Organisateur de la convergence des réseaux
Face à ces problématiques, l’OLSN organise l’écosystème numérique du bâtiment. Il orchestre la convergence des réseaux et des technologies afin d’assurer l’interopérabilité des services numériques. Aujourd’hui, on en est loin. Sécurité périmétrique et périphérique, contrôle d’accès, vidéosurveillance, chauffage/ventilation/climatisation, gestion technique du bâtiment, éclairage… chaque fabricant a son protocole de communication propriétaire qui l’isole dans un silo, au lieu de s’appuyer sur un standard géré par un consortium international. Résultat de cette entrave à la convergence, « on multiplie les réseaux et les équipements, vitupère Gilles Genin. Cette approche par silos empêche de développer l’interopérabilité entre les services numériques et donc les interactions intelligentes entre les grandes fonctions du bâtiment. » A l’inverse, dans une infrastructure convergente basée sur les standards, lorsqu’une caméra vidéo détecte un départ de feu, la GTB coupera la climatisation, avant de déclencher l’alerte d’évacuation. Les scénarios n’ont de limite que notre imagination.

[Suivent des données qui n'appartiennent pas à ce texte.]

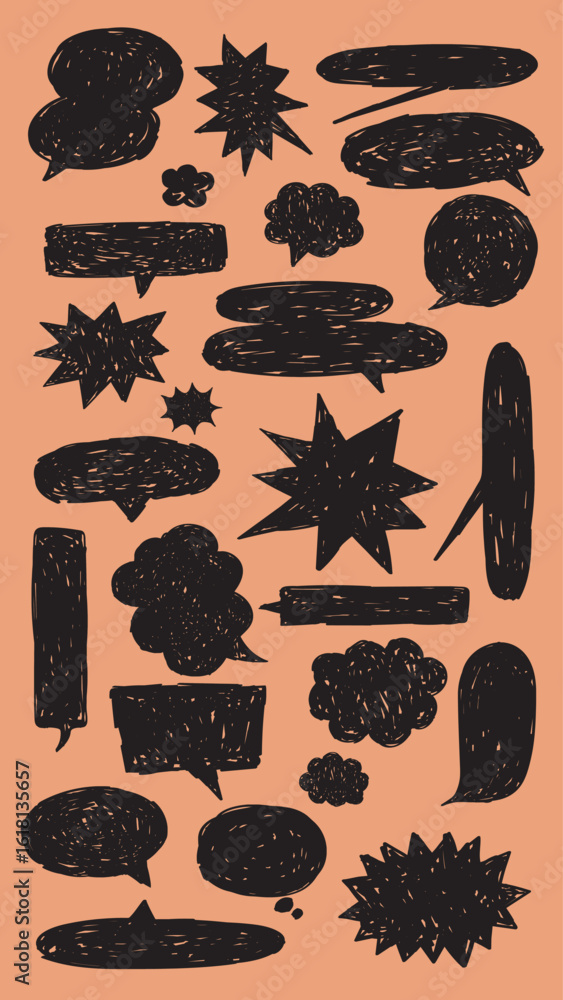 Poster a collection of speech bubbles and starbursts on a peach background. various shapes and sizes, perfe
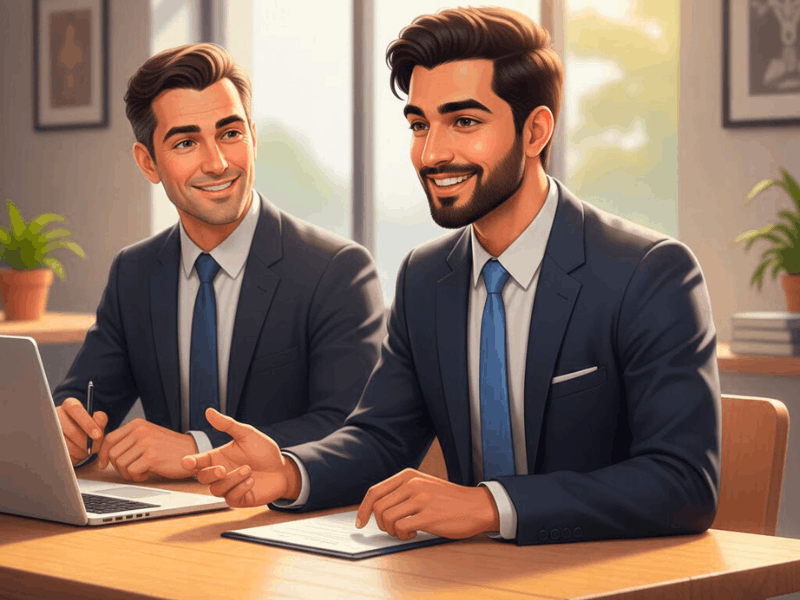 Interview Warm-Up AI Free Online: 7 Best AI Mock Interview Tools (2026) 6 Confident young professional acing job interview after using Interview Warm-Up AI Free Online tools.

A la croisée du bâtiment, du numérique, de la sécurité et de l’écologie
Dans ses diverses missions, l’OLSN administre, pilote, sécurise l’ensemble de l’écosystème numérique d’un bâtiment. Au plan technique, il doit connaître les outils d’exploitation du bâtiment et de la maintenance de ses systèmes techniques. Comme la gestion de maintenance assistée par ordinateur (GMAO), le Building Information Modeling (BIM) ou le Building Operating System (BOS). Il doit aussi coordonner la gestion énergétique des fluides et des systèmes techniques équipant les différents types de bâtiments et maîtriser les questions inhérentes à la sécurité et à l’écologie du bâtiment.

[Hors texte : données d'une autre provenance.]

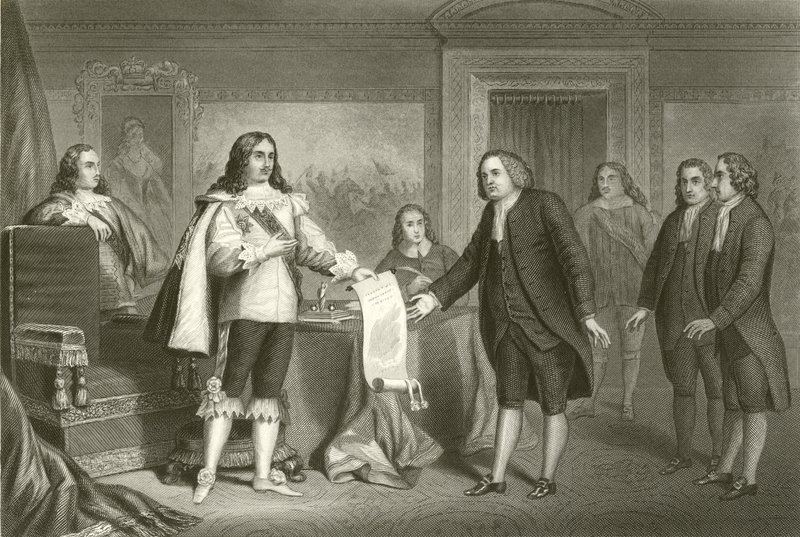 William Penn riceve la Carta della Pennsylvania da Carlo II da English School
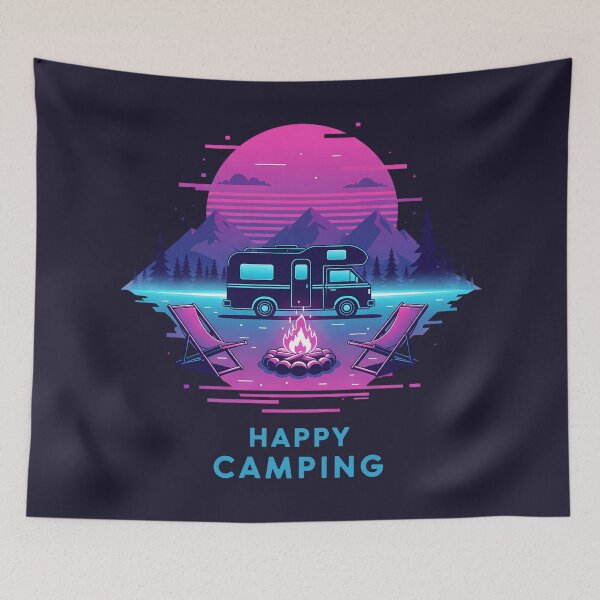 Item preview, Happy Camping - RV Life & Synthwave Sunset designed and sold by QuirkySpark.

Côté gestion, l’OLSN va coordonner les intérêts divergents des différents acteurs de l’immobilier : gestionnaires d’immeubles, promoteurs, fabricants ou installateurs d’équipements du bâtiment assortis de leurs services numériques (dont la sécurité-sûreté et les systèmes de sécurité incendie), maîtres d’œuvre, sociétés d’assistance à la maîtrise d’ouvrage (AMO), sociétés de services numériques, ingénieries, bureaux d’études techniques, opérateurs télécoms, fournisseurs s’énergie… Outre le suivi des mises à jour des systèmes numériques, il surveille la cybersécurité de l’écosystème numérique du bâtiment, en contrôlant les accès et la licéité des usages et en configurant les autorisations au fil de l’évolution des usages du numérique et de leurs utilisateurs. Bref, c’est un oiseau rare au profil de haut niveau.